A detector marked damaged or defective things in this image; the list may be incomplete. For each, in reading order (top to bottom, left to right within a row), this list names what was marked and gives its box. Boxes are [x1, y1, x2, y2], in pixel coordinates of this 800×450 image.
---
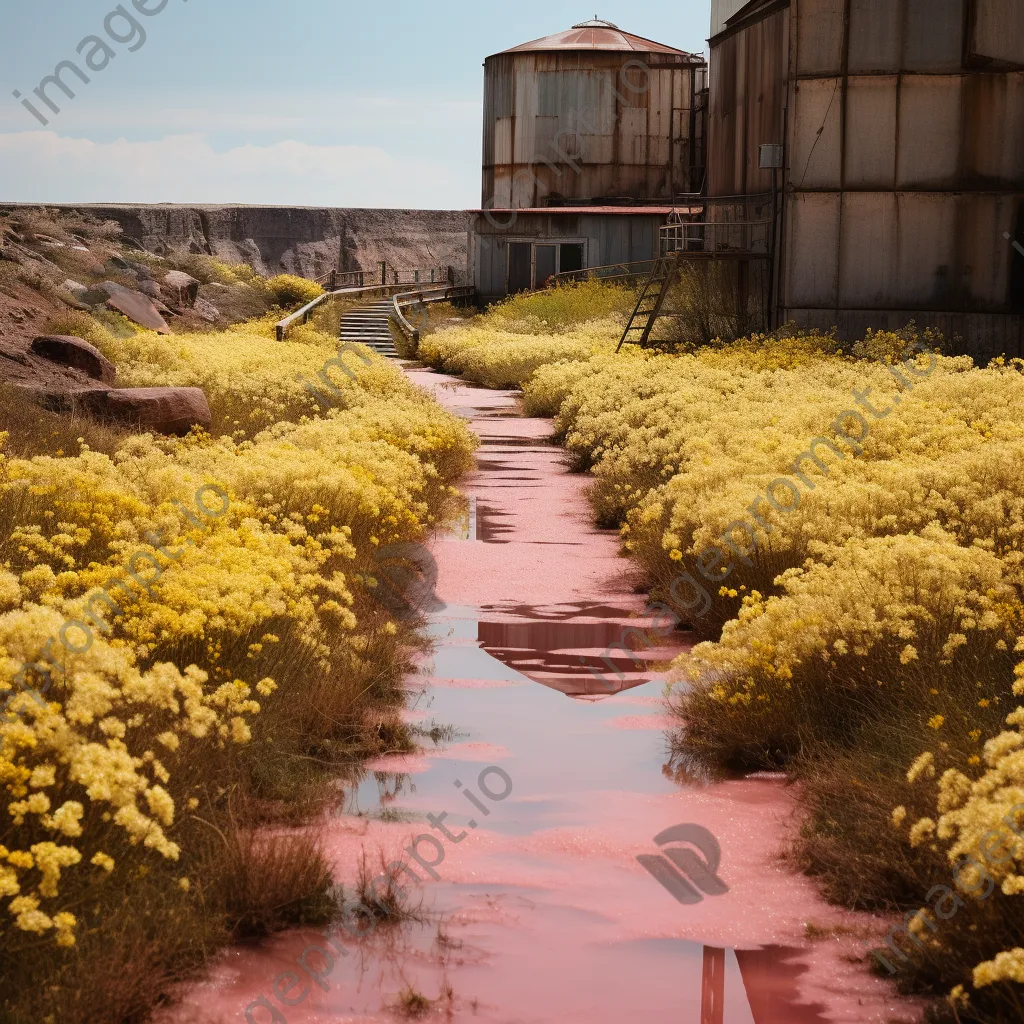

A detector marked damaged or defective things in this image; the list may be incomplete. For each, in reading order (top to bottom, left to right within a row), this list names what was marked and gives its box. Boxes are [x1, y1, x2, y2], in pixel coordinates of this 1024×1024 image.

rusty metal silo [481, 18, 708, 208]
--
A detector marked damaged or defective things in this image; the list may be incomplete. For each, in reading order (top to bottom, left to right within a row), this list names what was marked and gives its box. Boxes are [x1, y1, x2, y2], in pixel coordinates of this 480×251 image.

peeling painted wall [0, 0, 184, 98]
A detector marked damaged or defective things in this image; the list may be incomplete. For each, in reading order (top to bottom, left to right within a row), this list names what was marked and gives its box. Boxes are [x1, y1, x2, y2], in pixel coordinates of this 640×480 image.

[WHAT YOU WILL DO]: Give back exactly the lines above, from the line containing "this 480×251 image." through the line containing "this 640×480 image.", with both end lines and nothing more.

[EXERCISE SOLUTION]:
A detector marked damaged or defective things in this image; the list may be incomplete. For each, in reading order (top to bottom, left to right within a row), this list names what was marked and gives its box. Boxes are [x1, y1, x2, y2], in pixel coordinates of this 480×251 image.

peeling painted wall [0, 0, 184, 98]
A detector marked damaged or defective things in this image; the list may be incomplete. For each, in reading order (top to bottom, left to right within a row), this list names what was marked and gives its box. Boxes are [x1, y1, x2, y2], in pixel coordinates of this 640×480 image.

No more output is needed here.